Teen drug abuse continues to be a tremendous problem in our country. Although the substances young people abuse change, the plague of addiction is the same as it has been for decades. No matter how people try to solve this issue it continues to grow. There is no simple answer as to why this scourge remains but there are some simple steps people can take to provide young people with some alternatives.
Remember The Angst Of Adolescence
Most young people can’t wait to become adults. In the mind of a teenager this is the time in life when there are no longer any restrictions. Unfortunately, in society today many teens are expected to act as adults before they are truly capable. Rather than adolescence being a time in life when a person can make mistakes and learn from them, in the age of “zero tolerance” and increased isolation, young people are often left to fend for themselves. At some point almost every teenager will have to face the temptation of drugs and alcohol. It is impossible to predict who will wind up with a serious problem but there are certain factors that increase the odds.
Be Available And Listen
Most of how a person views the world starts at home. Throughout childhood and adolescence other factors start to influence how someone thinks but the foundation is laid early on. In substance abuse treatment the person with a strong emotional footing is more likely to grasp a program of recovery quickly. People that grew up around a lot of dysfunction, instability, or spent very little time with positive family members will have a more difficult time connecting with basic concepts common in treatment. At this point figuring out “why” a teenager has a drug problem is far less important than having a stable and secure environment in which to heal. Most teenagers thrive on friendship, security, and (most importantly) fun. Often what they need more than anything else is to be listened to. An easy response to adolescent substance abuse doesn’t exist but society can make a difference with a shift in attitude.

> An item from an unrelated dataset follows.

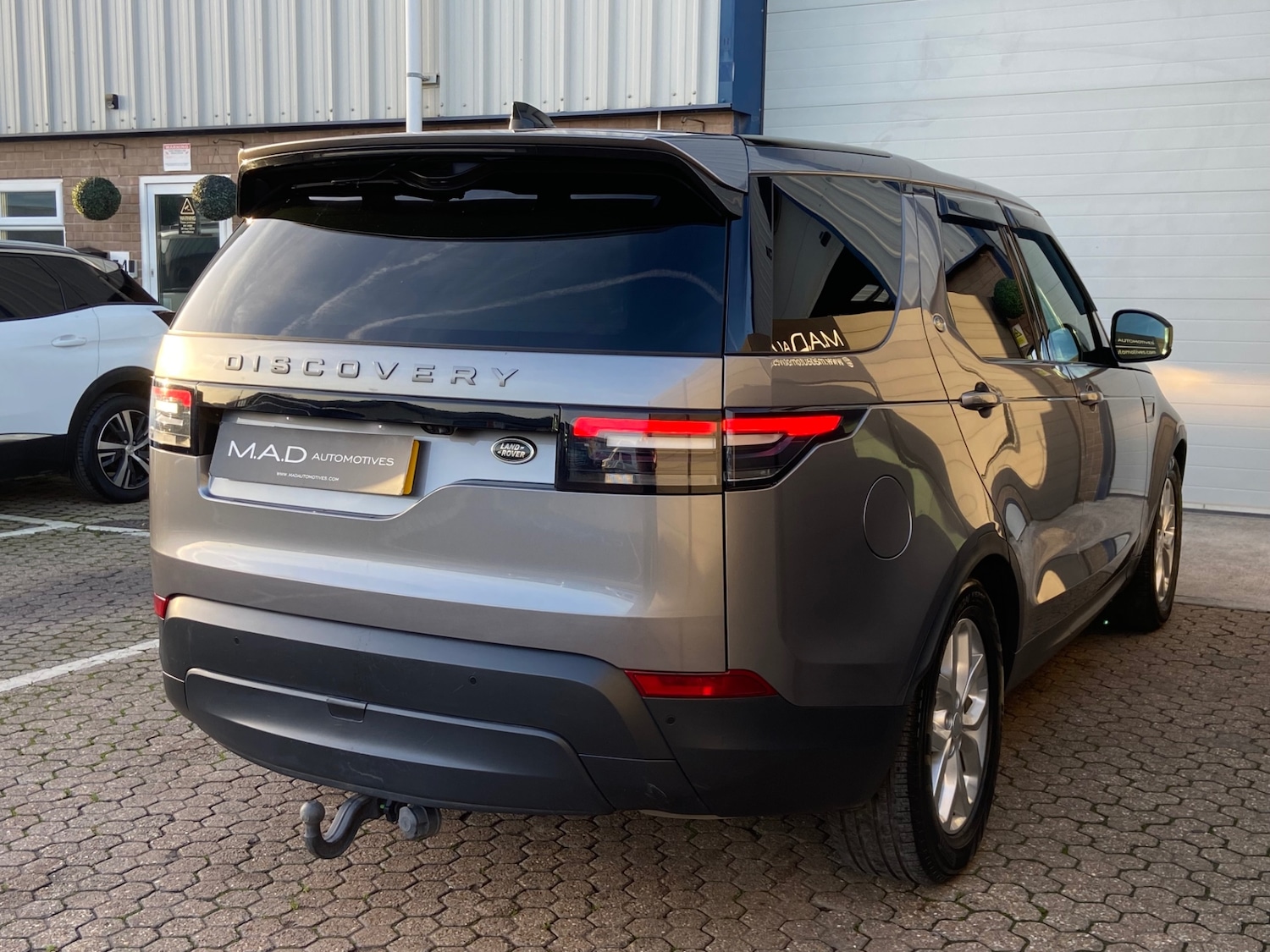 Used Land Rover Discovery 2019 for sale - 77062128: Photo 8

It is common for parents of kids with substance abuse problems to believe they are somehow at fault. These parents convince themselves that if certain circumstances were different, or if other decisions had been made, that somehow their child would not have a drug problem. It may be true that some parenting techniques or childhood events may have contributed to emotional factors that predispose someone to a drug or alcohol problem. However, when a young person chooses to use for the first time that decision is almost always motivated by peer acceptance and a desire to have fun.
Not What You Think
On a regular basis I challenge parents to think about their motivation to do certain things when they were teenagers. Whether they drank alcohol or used drugs is irrelevant; most young people find ways to rebel. Almost everyone who is asked admits that even though they may have been taking actions that would be construed as defiant, they weren’t thinking about their parents when deciding to cross the line. Not everyone who grows up in a difficult environment develops a substance abuse problem and not everyone with a substance abuse problem has reason to blame his or her family. I grew up with an alcoholic parent. I often explain to people that this was the greatest form of prevention I could have been exposed to. Living with an alcoholic is horrible. However, when a group of kids who I thought were cool gave me the opportunity, I drank. In spite of everything I knew about the consequences of alcohol abuse, I drank. This developed into a serious drug and alcohol problem for which I needed a lot of help.

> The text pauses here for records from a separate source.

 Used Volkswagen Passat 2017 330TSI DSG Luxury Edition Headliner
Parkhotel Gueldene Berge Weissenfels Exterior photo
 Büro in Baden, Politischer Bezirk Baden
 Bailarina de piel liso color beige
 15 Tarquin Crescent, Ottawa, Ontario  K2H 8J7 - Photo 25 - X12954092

Get Help For The Right Stuff
I understand why my parents felt guilty. In fact, I manipulated their emotions as a means to do whatever I wanted to do. But once they realized that my actions were my responsibility and let go of their guilt, recovery for me and for my family became possible. Their are certainly issues a parent needs to resolve. Any family scourged by substance abuse knows this. At the same time, there is no way to go back in time and fix past issues. Self-pity and remorse attached to past parenting blocks a person from being able to heal the relationship with the addict. There is no perfect parent and anyone can look back at the past and recognize all kinds of things that could have been done “better.” This awareness cannot change anything if the focus is not on building a better relationship today.